Exam Number: PT0-001
The CompTIA PenTest+ exam will certify the successful candidate has the knowledge and skills required to:
• Plan and scope an assessment
• Understand legal and compliance requirements
• Perform vulnerability scanning and penetration testing using appropriate tools and techniques
• Analyze the results
In addition, the candidate will be able to:
• Produce a written report containing proposed remediation techniques
• Effectively communicate results to management
• Provide practical recommendations
1.0 Planning and Scoping
-Explain the importance of planning for an engagement.
-Explain key legal concepts.
-Explain the importance of scoping an engagement properly.
-Explain the key aspects of compliance-based assessments.
2.0 Information Gathering and Vulnerability Identification
-Given a scenario, conduct information gathering using appropriate techniques.
-Given a scenario, perform a vulnerability scan.
-Given a scenario, analyze vulnerability scan results.

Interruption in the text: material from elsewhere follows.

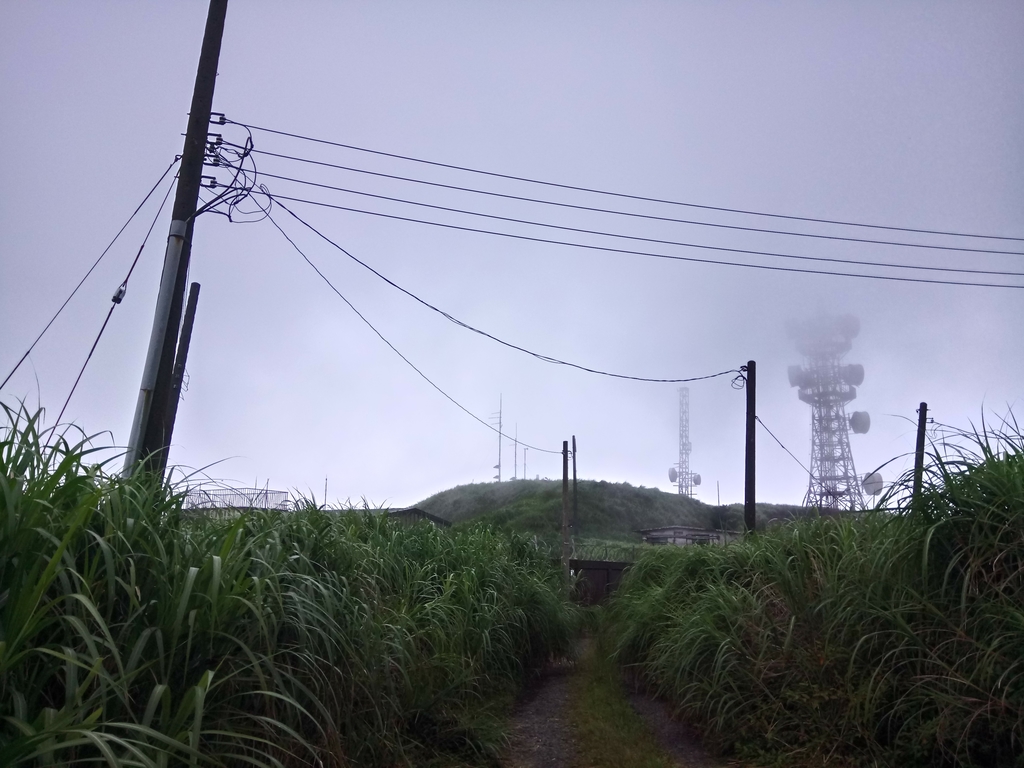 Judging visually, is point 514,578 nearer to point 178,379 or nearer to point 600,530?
point 178,379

-Explain the process of leveraging information to prepare for exploitation.
-Explain weaknesses related to specialized systems.
3.0 Attacks and Exploits
-Compare and contrast social engineering attacks.
-Given a scenario, exploit network-based vulnerabilities.
-Given a scenario, exploit wireless and RF-based vulnerabilities.
-Given a scenario, exploit application-based vulnerabilities.
-Given a scenario, exploit local host vulnerabilities.
-Summarize physical security attacks related to facilities.
-Given a scenario, perform post-exploitation techniques.
4.0 Penetration Testing Tools
-Given a scenario, use Nmap to conduct information gathering exercises.
-Compare and contrast various use cases of tools.
-Given a scenario, analyze tool output or data related to a penetration test.
-Given a scenario, analyze a basic script (limited to Bash, Python, Ruby, and PowerShell).
5.0 Reporting and Communication
-Given a scenario, use report writing and handling best practices.
-Explain post-report delivery activities.
-Given a scenario, recommend mitigation strategies for discovered vulnerabilities.
-Explain the importance of communication during the penetration testing process.